In a footnote, the Wilson court enunciated what a defendant must establish to prevail. “[T]he defendant, under the definition of ‘wrongfulness’ that the jury will receive on retrial, may prevail if he can establish that, due to his mental disease or defect, he substantially misperceived reality and harbored a delusional belief that society, under the circumstances as he honestly but mistakenly understood them, would not morally have condemned his actions. Consequently, it will be for the jury to determine whether the defendant, as a result of his mental illness, believed that society would not have morally condemned his conduct in light of the facts as he perceived them.” (Emphasis in original.) Id., 627 n.24.
It was the defendant’s theory that at the time of the shooting he was suffering from a mental illness, the effect of which was the defendant’s belief that the victim, the evil double, was going to kill him, which resulted in the defendant’s defending himself and shooting the victim in self-defense.
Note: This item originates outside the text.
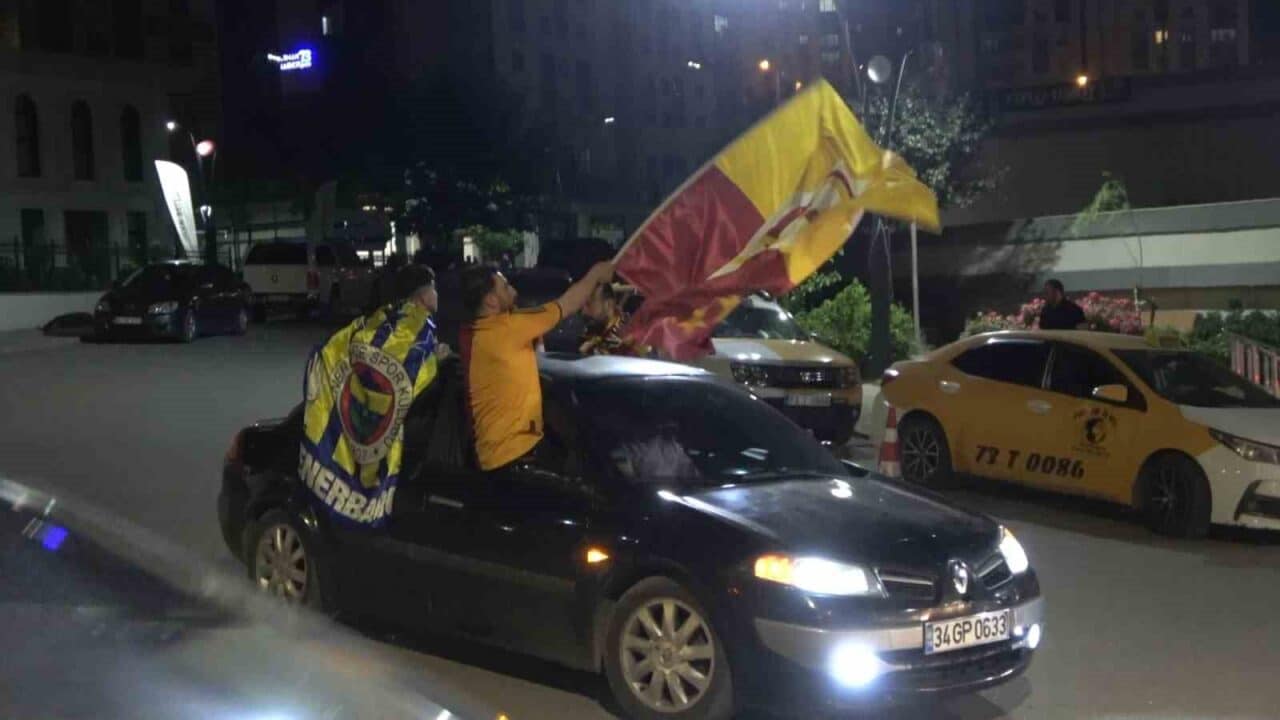 Galatasaray, 2024-2025 Süper Lig sezonunu şampiyon tamamladığını ilan ederken, Şırnak'ta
Although other evidence existed that tended to show that the defendant might not have acted in self-defense under the influence of a mental illness, that goes to the weight of the defendant’s proof, and not to whether the defendant was entitled *337to a jury instruction correctly defining the term “wrongfulness.” Id., 628; see State v. Person, supra, 236 Conn. 353; see also State v. DeJesus, 236 Conn. 189, 201, 672 A.2d 488 (1996); State v. Sivri, 231 Conn. 115, 132-33, 646 A.2d 169 (1994).
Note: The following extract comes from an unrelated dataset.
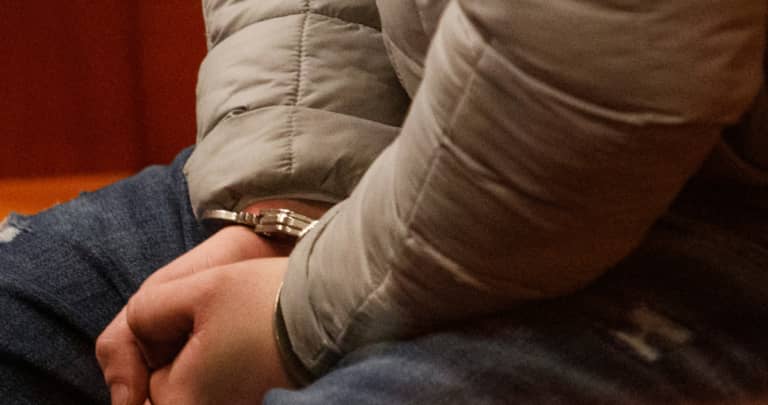 Carabineros detiene a hombre que se atrincheró armado tras agredir a su esposa en Lontué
I also believe that the defendant has satisfied his burden of persuasion that the trial court’s failure to deliver the requested charge constituted harmful error. As our Supreme Court held in Wilson: “Because the meaning of wrongfulness under [General Statutes] § 53a-13 (a) was left unclear and because that lack of clarity affected a central element of the defendant’s claim of insanity, we conclude that the trial court’s failure to define ‘wrongfulness’ in terms of the defendant’s appreciation of societal morality constituted harmful error.” State v. Wilson, supra, 242 Conn. 633.
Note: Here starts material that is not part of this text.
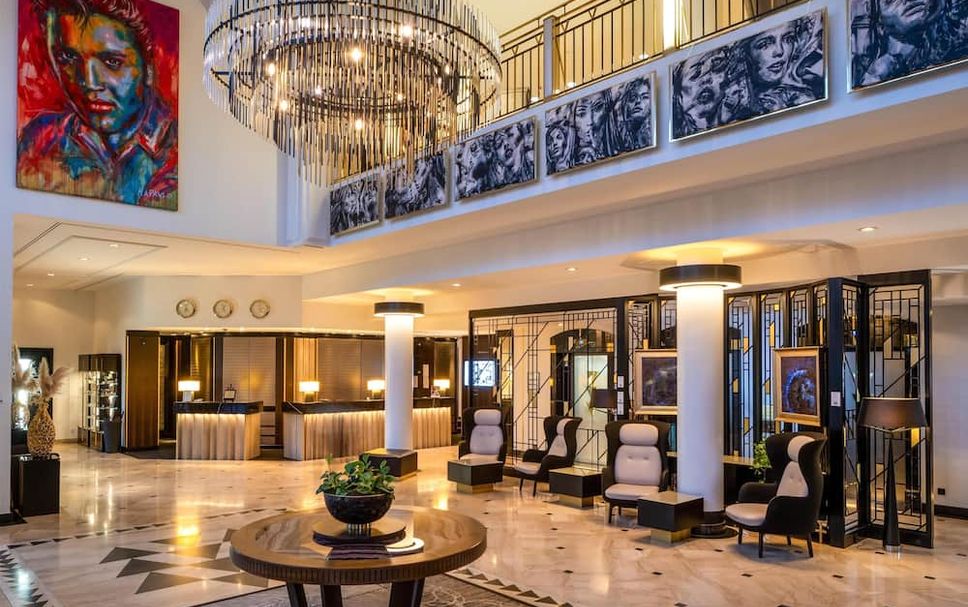 Lobby Photo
I conclude that the defendant produced sufficient evidence from which a jury reasonably could have concluded that due to his mental illness, he misperceived reality in that he believed the victim was about to kill him and, on the basis of this misperception, he did not substantially appreciate that his action in self-defense was contrary to social morality. Thus, it would have been proper to instruct the jury on the requested charge. Again, it is ultimately the responsibility of the trier of fact to determine “whether the defendant, as a result of his mental illness, believed that society would not have morally condemned his conduct in light of the facts as he perceived them”; id., 627 n.24; and, in this case, there was sufficient evidence to allow the juiy to make that determination.
I would reverse the judgment of the trial court and remand this case for a new trial.
On the basis of the defendant’s request to charge, this claim is reviewable for the same reasons set forth in State v. Wilson, 242 Conn. 605, 632-33, 700 A.2d 633 (1997).